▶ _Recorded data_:
● ● ● ● ●
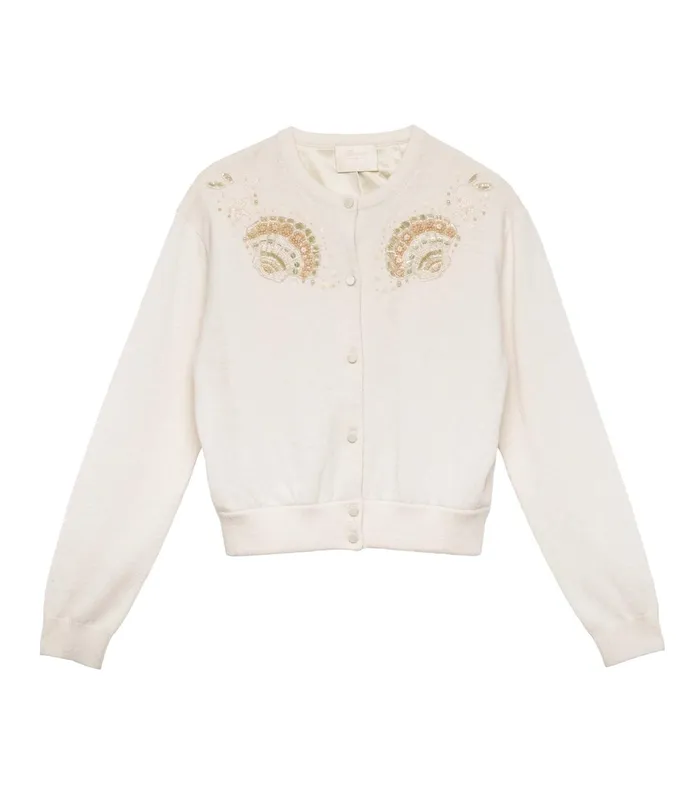 DEN Knitwear Women Andrina Cardigan Eggshell DEN Knitwear Women Andrina Cardigan Eggshell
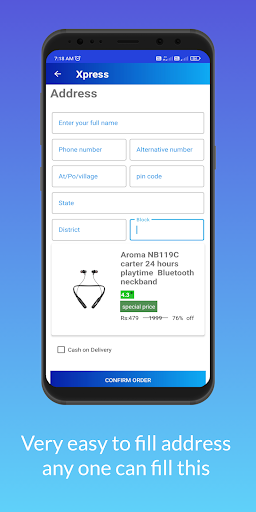 Android application Xpress Online Shopping App screenshort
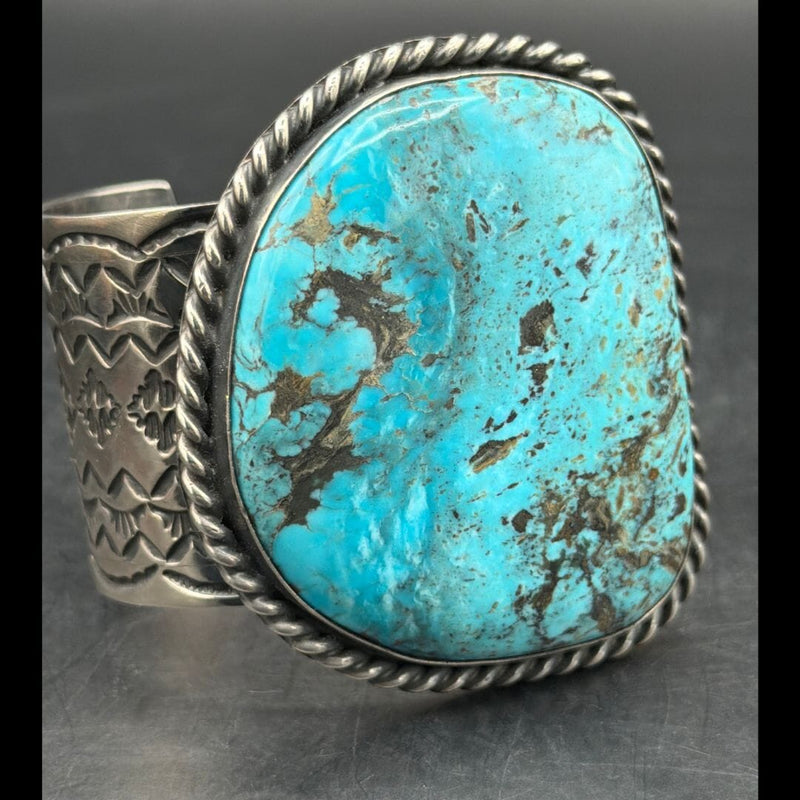 1 Stone Stormy Mountain Turquoise Cuff - CVO16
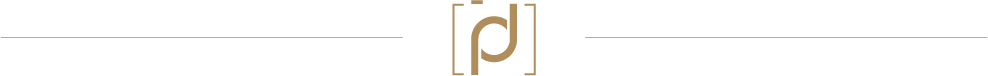 Séparateur ligne horizontale logo David Plichon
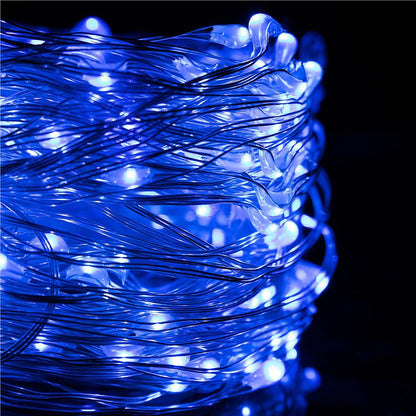 (DL) Instalatie lumina decorativa cu 300 LED-uri, telecomanda, 30m, iluminare albastra
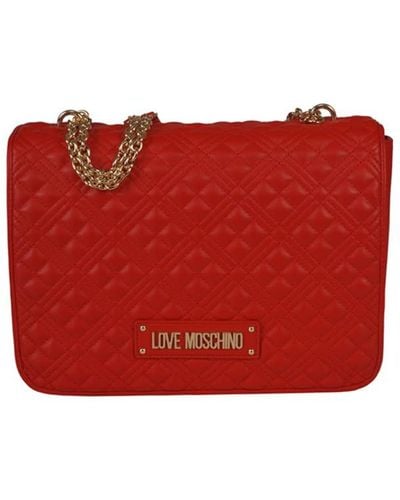 Love Moschino , BORSA A SPALLA Donna, Rosso, Taglia unica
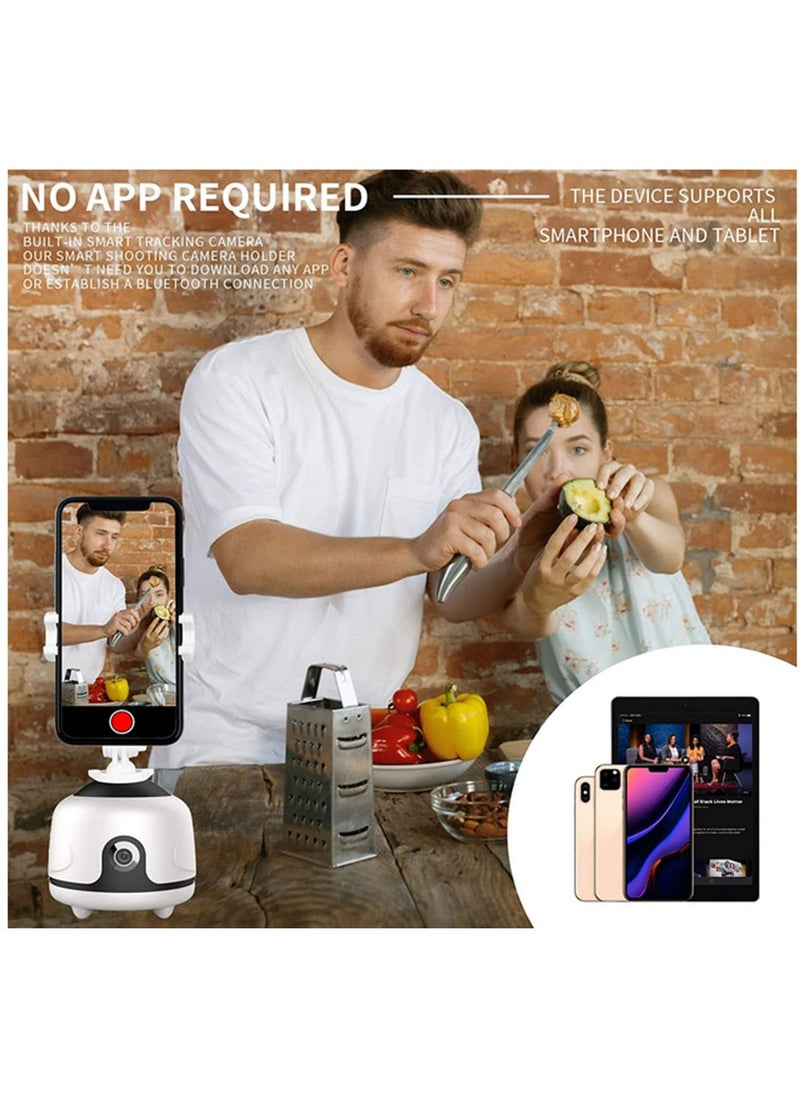 Generic - Smart  Phone Holder 360°Auto Face Follow up Phone Holder for Live Broadcast/Cell Phone Video Recording TIK Tok/YouTube/Facetime NO APP Required - Image 1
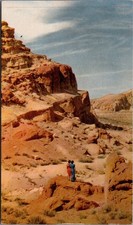 1939 Red Rock Canyon Mojave CA Postcard - Union Oil Co. Color Photo picture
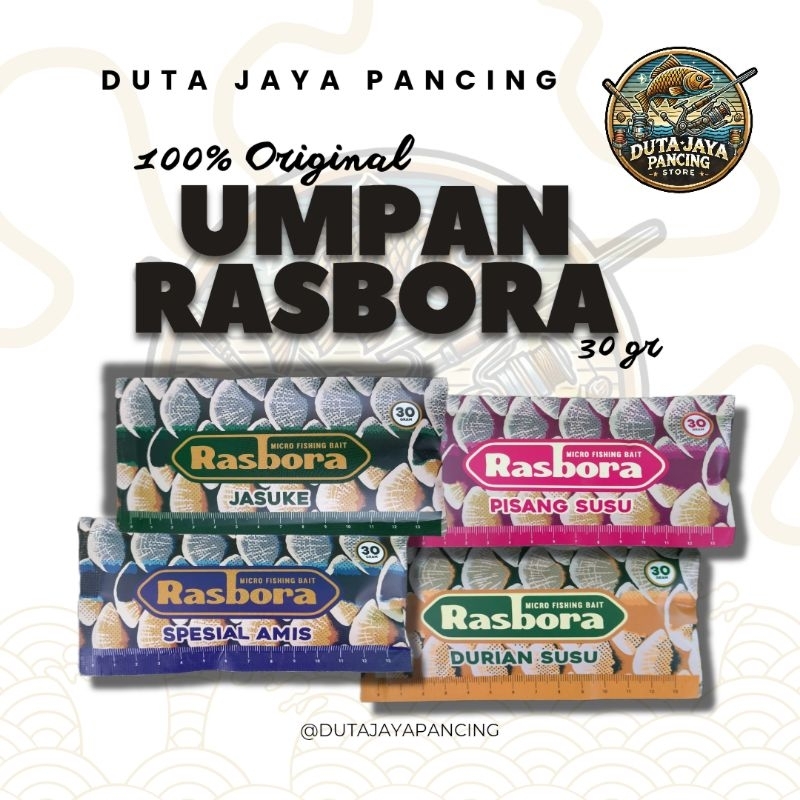 UMPAN IKAN PELET RASBORA KEMASAN 30 GRAM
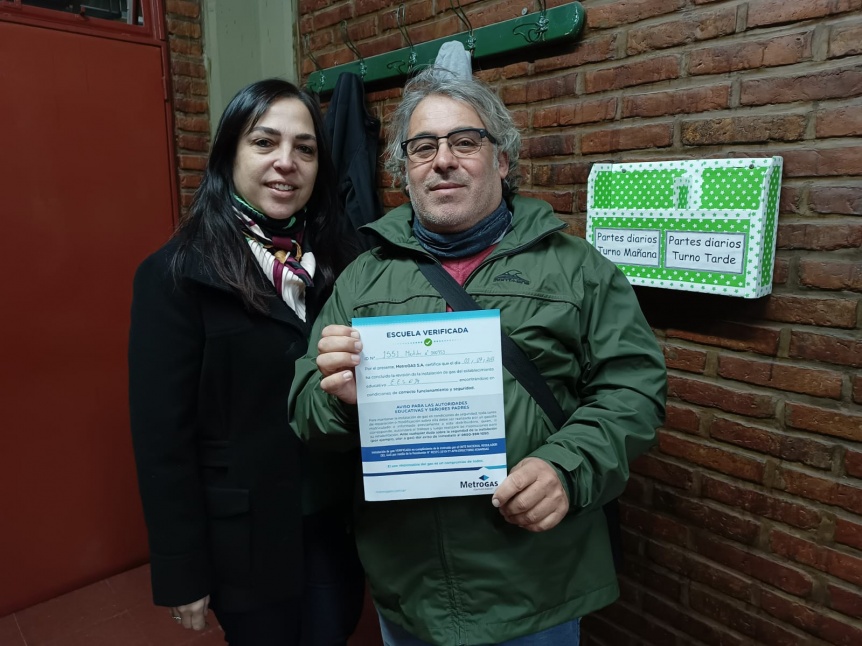 Metrogas habilit� finalmente la calefacci�n en el colegio Nacional de Quilmes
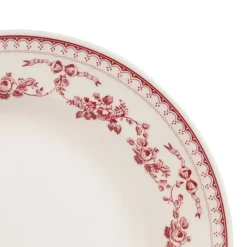 Fabrique de Styles Assiettes*Assiette creuse en faïence bordeaux d23cm - faustine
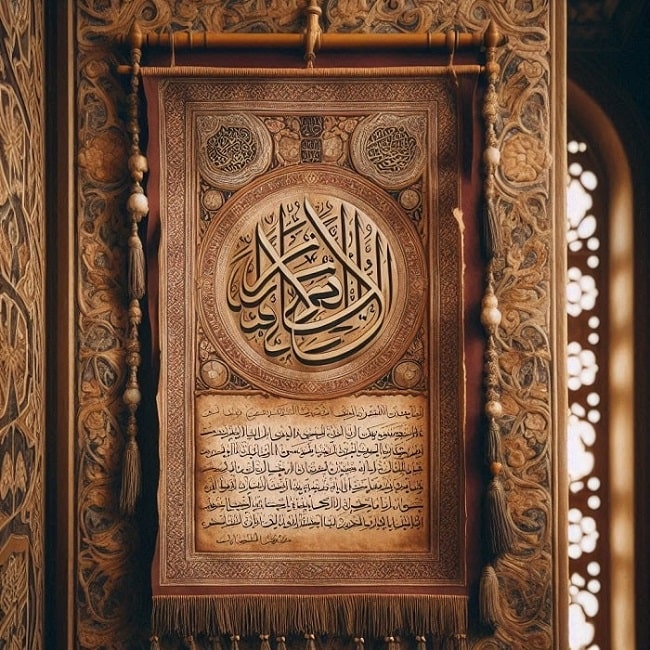 حرز امام جواد روی پوست آهو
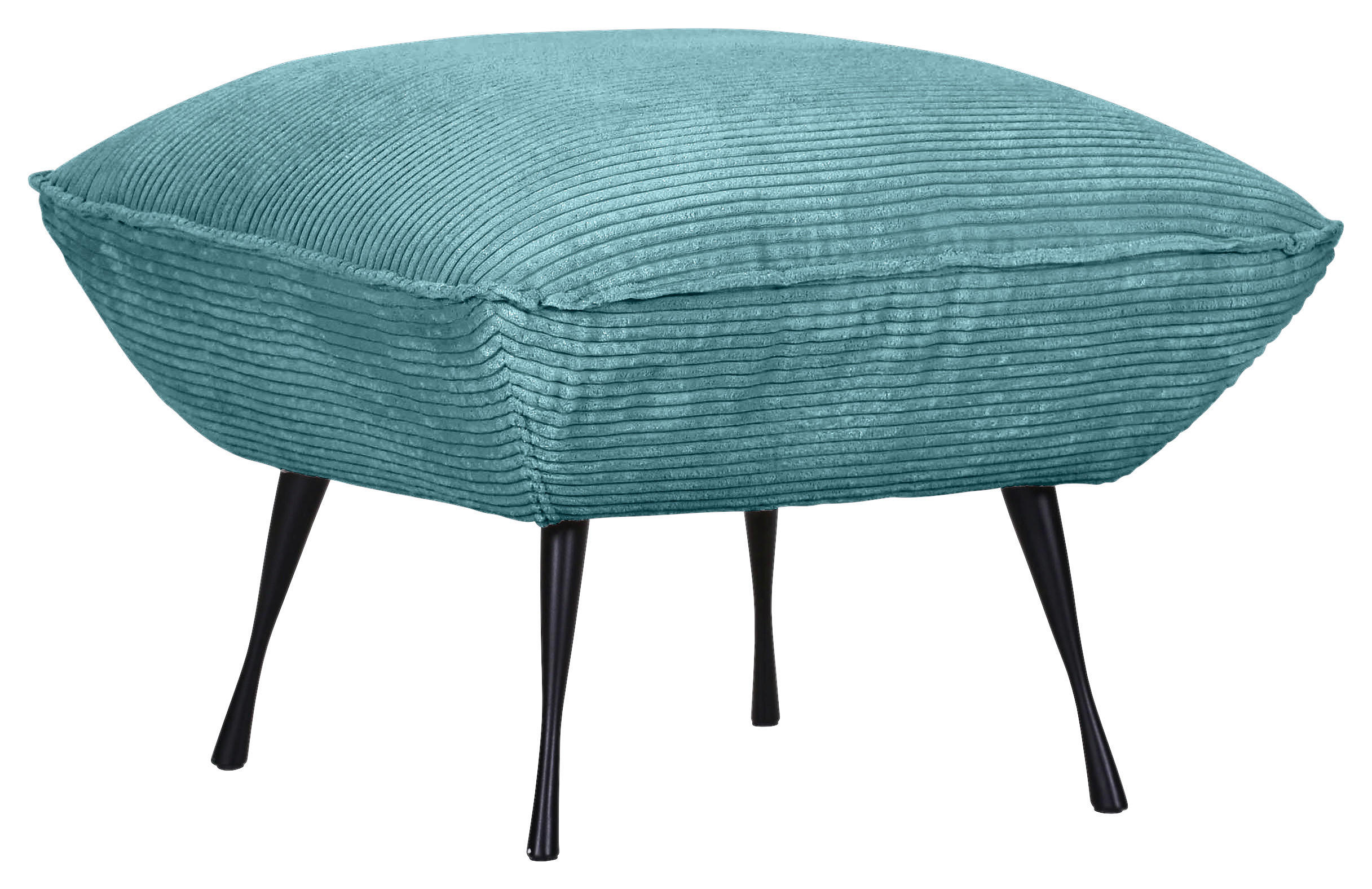 HOCKER in Textil Petrol  - Petrol/Schwarz, KONVENTIONELL, Textil/Metall (60/49/53cm) - MID.YOU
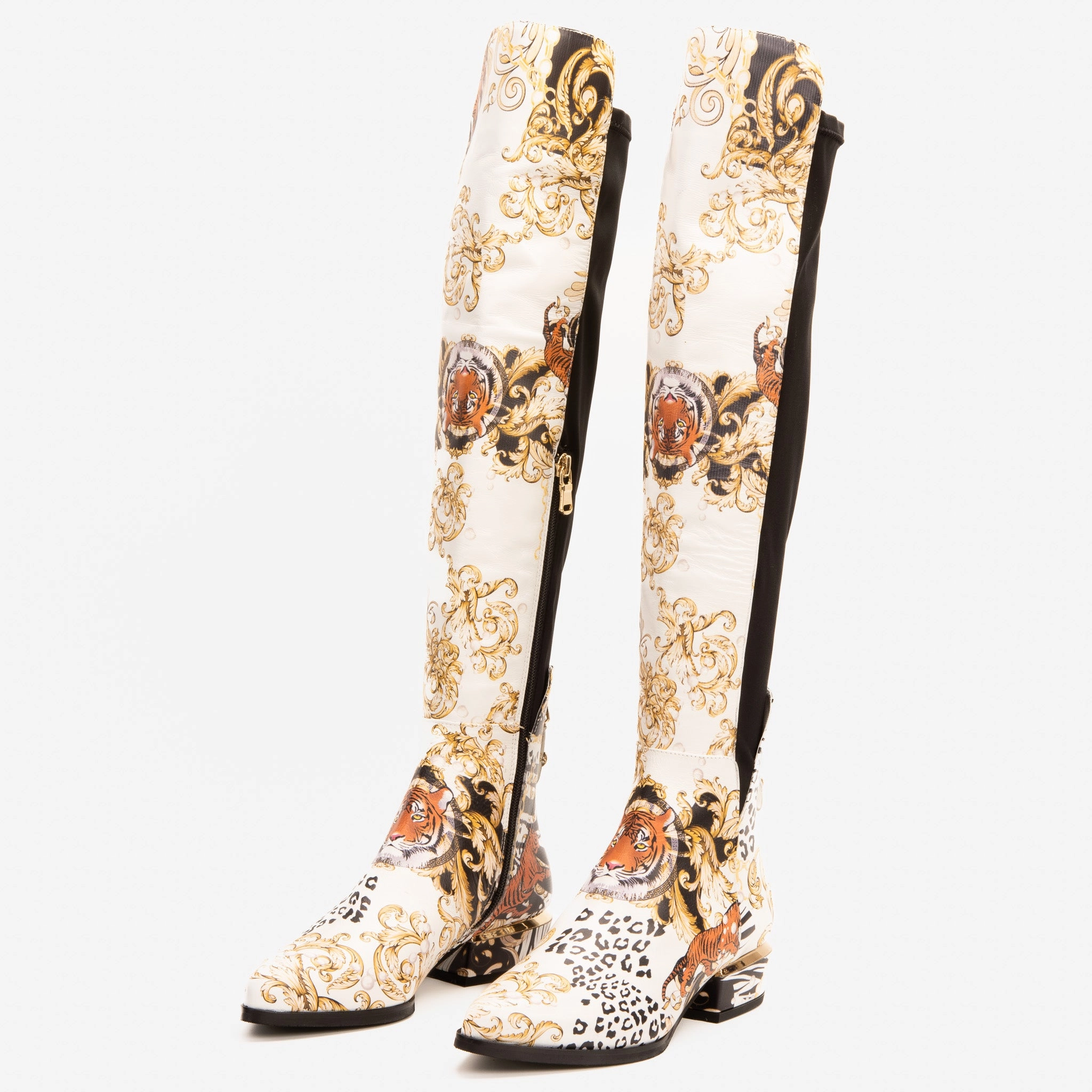 The Perugia Leather Pointy Toe Knee High Women Boot Extreme Cold Essential Piece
● ● ● ● ●
Include the first line of the records, the line containing "Séparateur ligne horizontale", and every line between them, repeated exactly. Skip the pictures.

▶ _EXERCISE ANSWER_:
 DEN Knitwear Women Andrina Cardigan Eggshell DEN Knitwear Women Andrina Cardigan Eggshell
 Android application Xpress Online Shopping App screenshort
 1 Stone Stormy Mountain Turquoise Cuff - CVO16
 Séparateur ligne horizontale logo David Plichon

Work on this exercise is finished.